No, Dad did not practice magic or befriend dragons. He just loved learning and developing new skills. He was also well educated, a Bachelors in geology, and only worked in that field a handful of year during my life-time.

Having the skills and certifications doesn't assure you work. Dad also taught me that there is no such thing as a job 'beneath' you. Work doesn't care who does it as long as it gets done.

Leon's repair skills are strongly inspire by Dad's hobby of learning new things - car restoration, bee keeping, sew-machine repair, baking, small part fabrication, and wine-brewing. Dad could fix nearly anything, and what he couldn't he would find a book or manual for future study.

Another thing Leon took from Dad was being aware that you can accidentally scare people just by existing. My father had an intense personality, a booming laugh, and a love of debate. He also stood over six foot tall, with a barrel chest and a thick neck. People regularly thought he was a former high-school jock. Between his physical build, unfortunately shaped eyebrows, and some facial nerve damage, Dad's non-verbal cues were often misread.

Leon isn't physical threatening. However, he knows that it is all to easy for people to come to fear magic-users. He hides his frustration with his co-workers behind a mask of professionalism. He takes a walk to settle his temper. He takes every chance he gets to be honest about his powers and limits. He works hard to not be the typical aloof Wizard.

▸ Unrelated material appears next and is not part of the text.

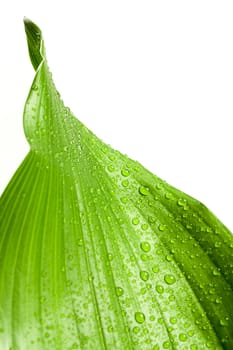 macro water drops on green plant leaf for natural background, wallpaper or backdrop use isolated on white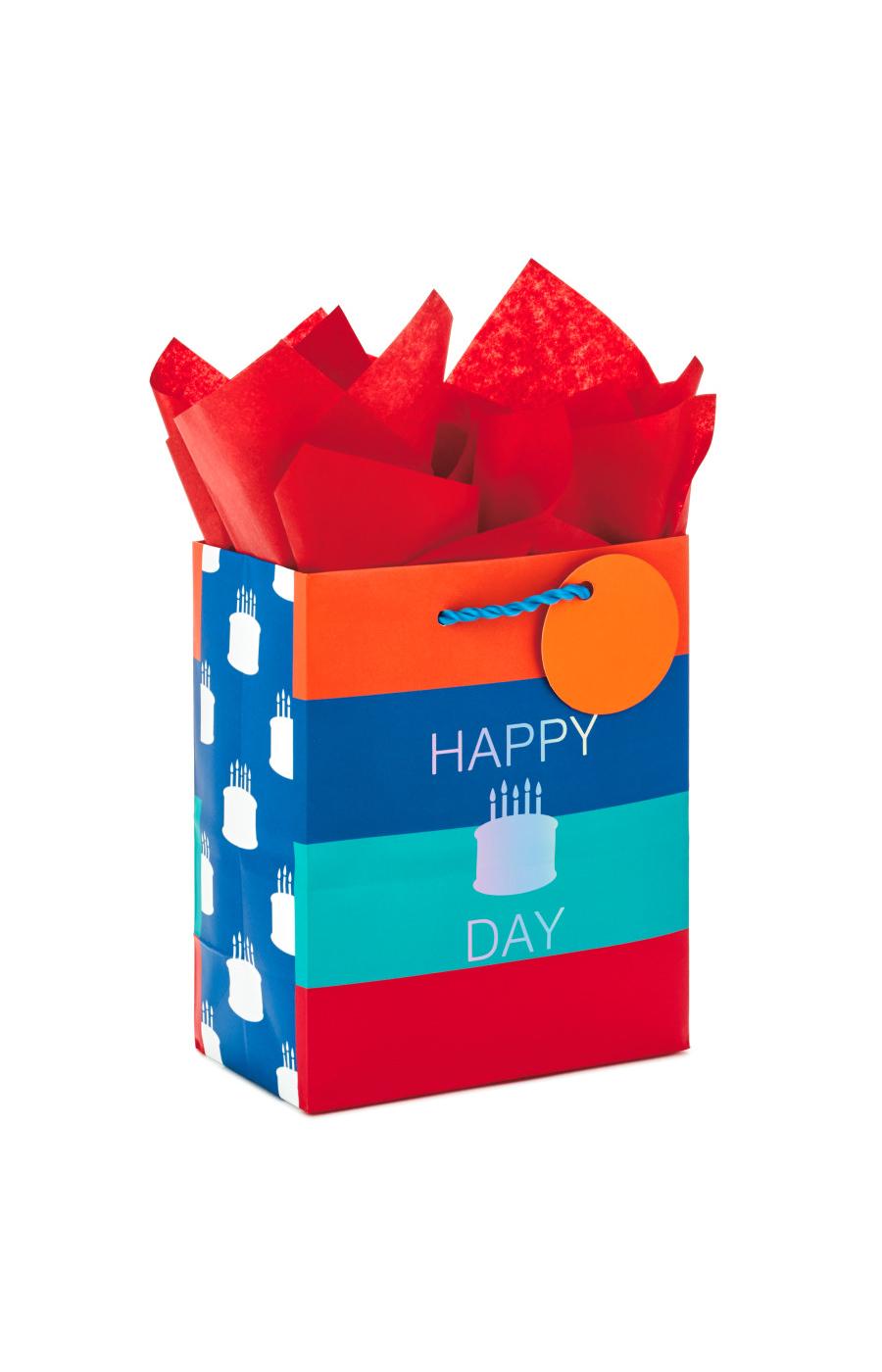 Hallmark Large Birthday Gift Bag with Tissue Paper (Blue Happy Birthday)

Ironically, this level of familiarity and permissiveness backfires on Leon. It often did on Dad. In the real world, people would take my father's desire to be liked and abuse his boundaries. When you hide or mask your frustration, people don't realize they are making you uncomfortable.

In The Odd-Job Wizard, the townsfolk become used to Leon's services. Some of this is driven by the situation. They live in a town that's falling apart. However, there's a large gap between expecting someone to led a hand, waking someone up to demand instant repair work. They fixate on “what can Leon do for me?”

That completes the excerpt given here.